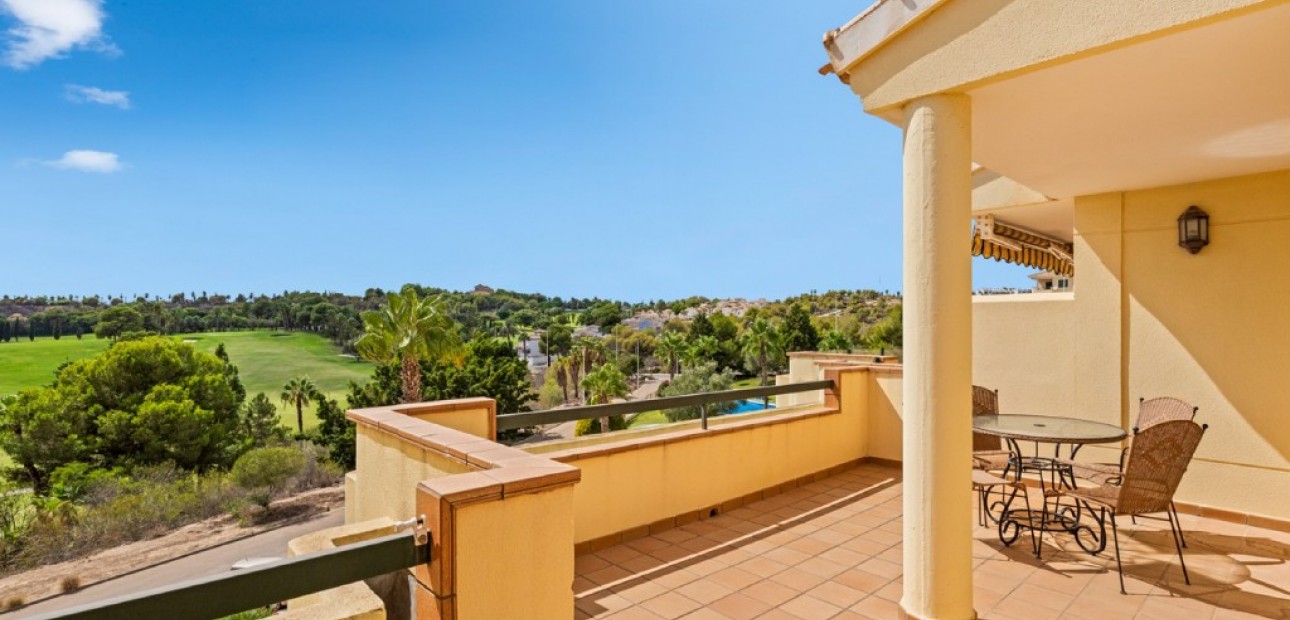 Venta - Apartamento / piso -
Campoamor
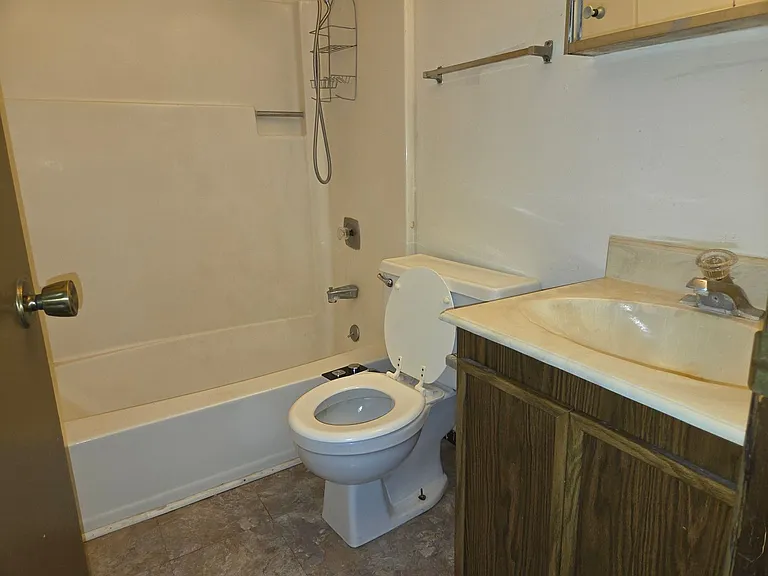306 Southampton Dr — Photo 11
...
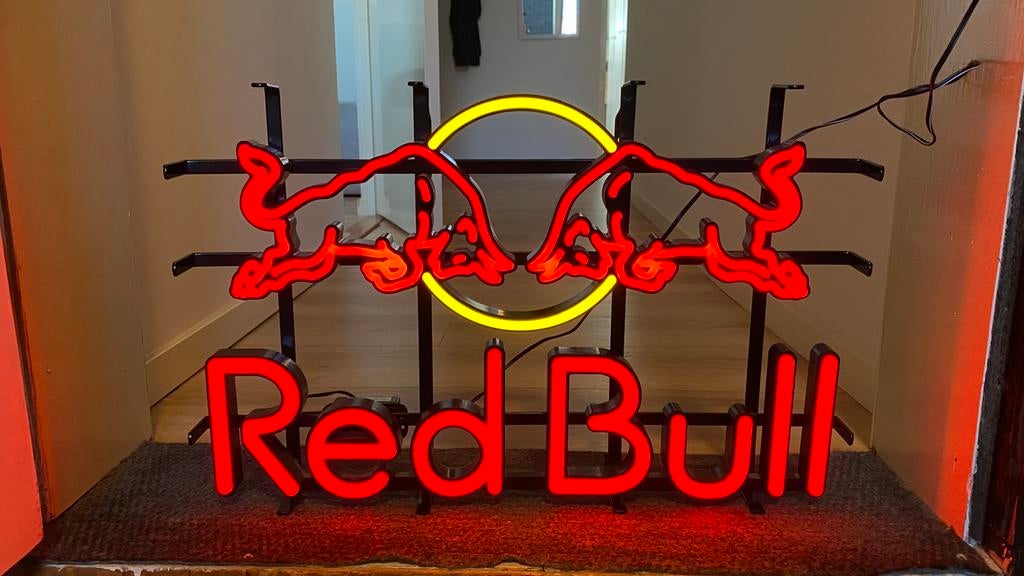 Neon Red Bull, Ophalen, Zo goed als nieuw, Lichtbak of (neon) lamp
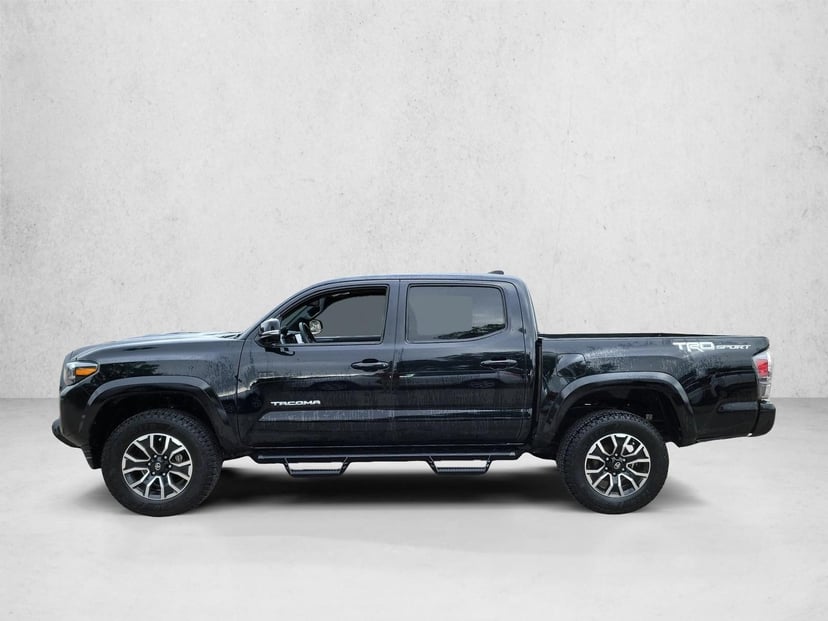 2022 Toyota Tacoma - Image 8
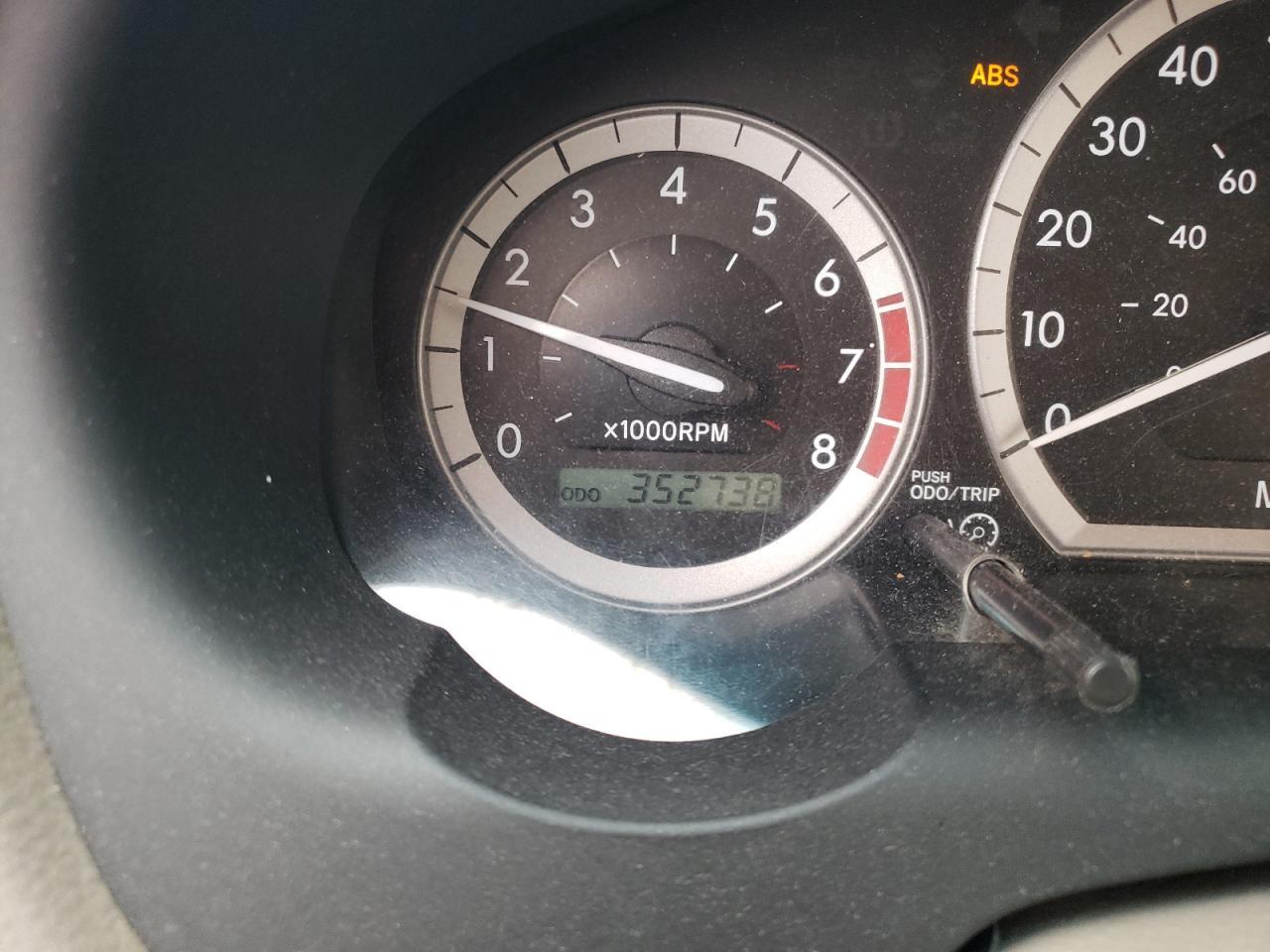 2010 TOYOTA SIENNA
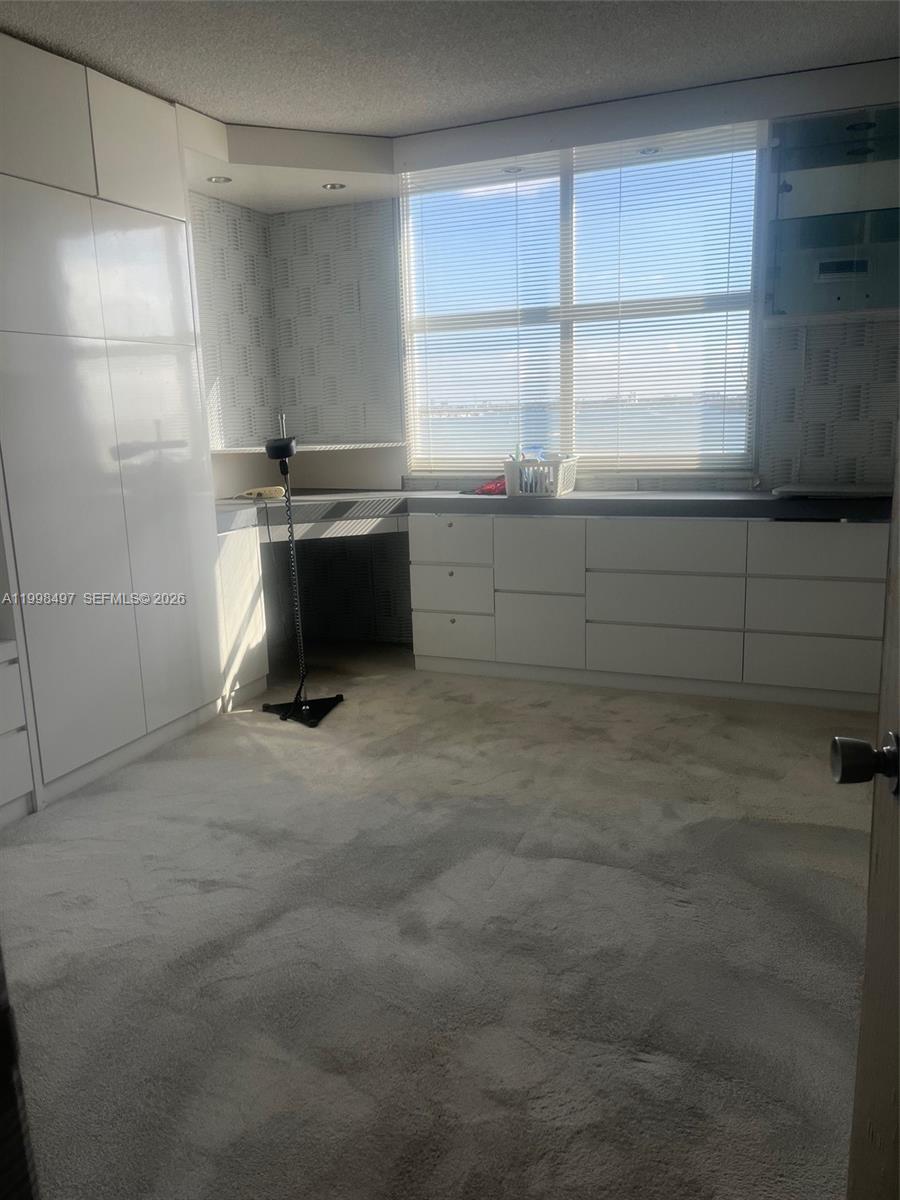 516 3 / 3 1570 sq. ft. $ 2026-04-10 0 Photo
...
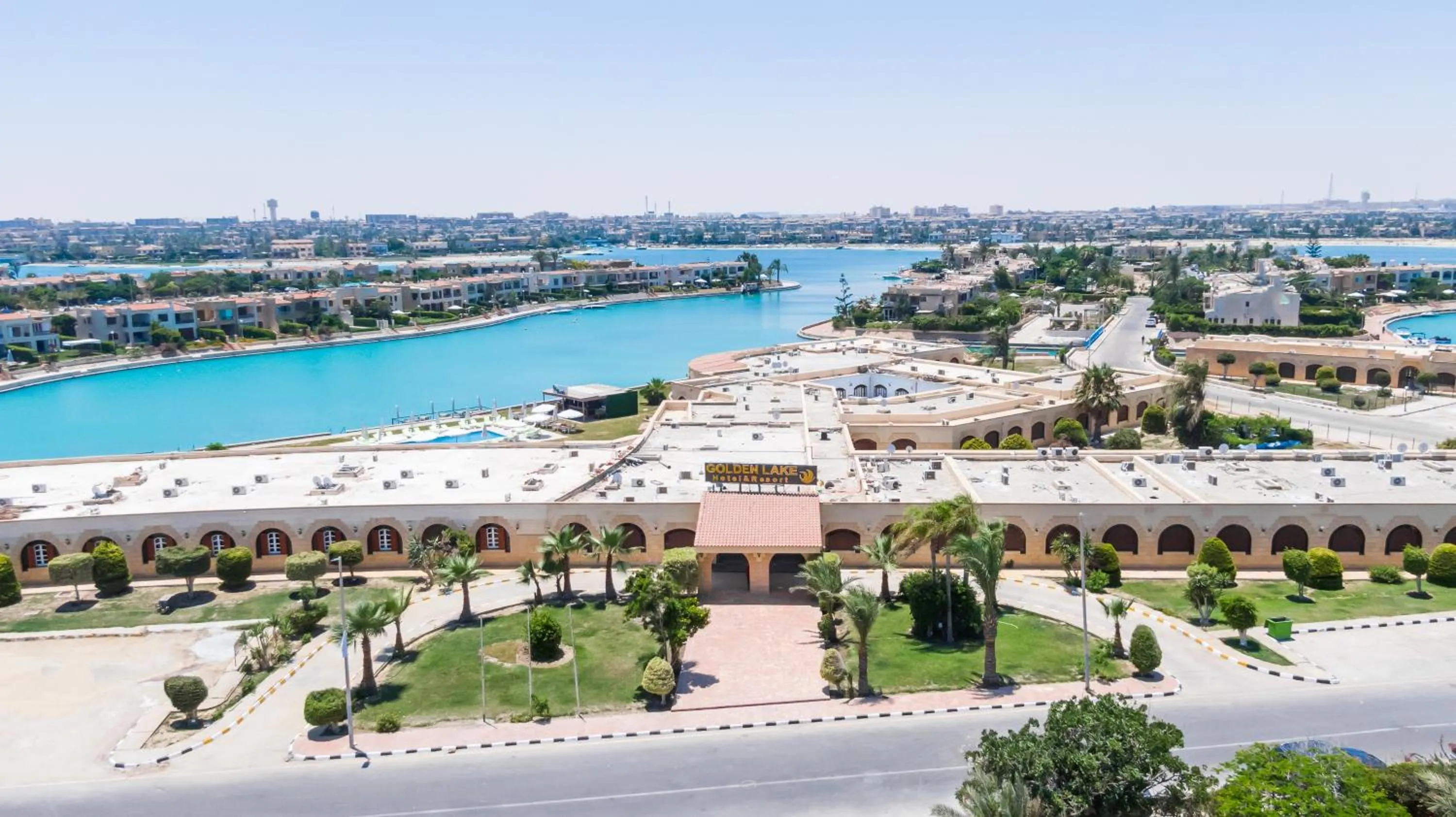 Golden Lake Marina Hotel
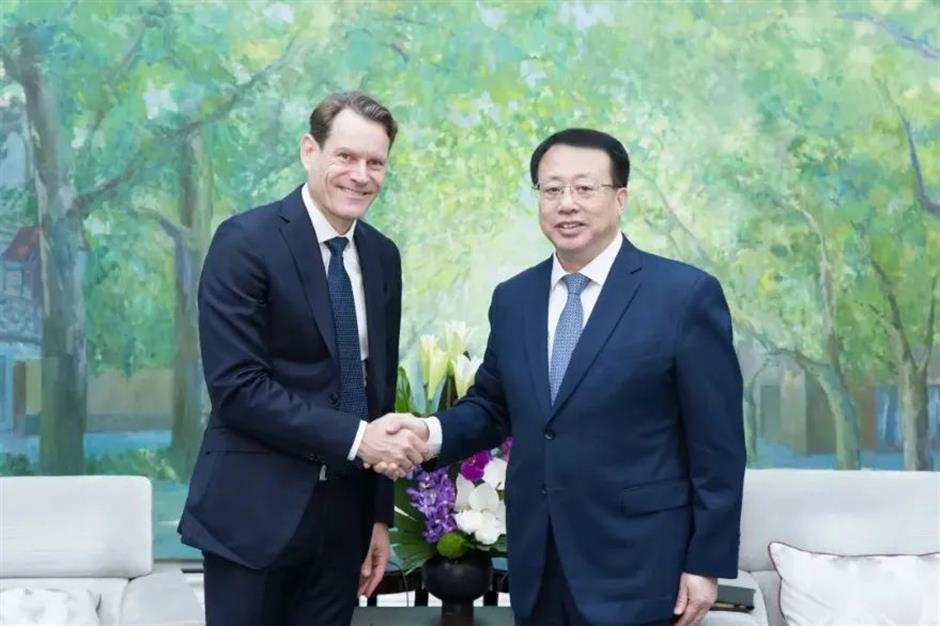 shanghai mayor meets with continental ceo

— Task brief —
For this task, return exactly the stretch of the listing above from the line with "2022 Toyota Tacoma - Image 8" through the line with "516 3 / 3 1570 sq. ft. $ 2026-04-10 0 Photo", inclusive and without pictures.

— Response to this exercise —
 2022 Toyota Tacoma - Image 8
 2010 TOYOTA SIENNA
 516 3 / 3 1570 sq. ft. $ 2026-04-10 0 Photo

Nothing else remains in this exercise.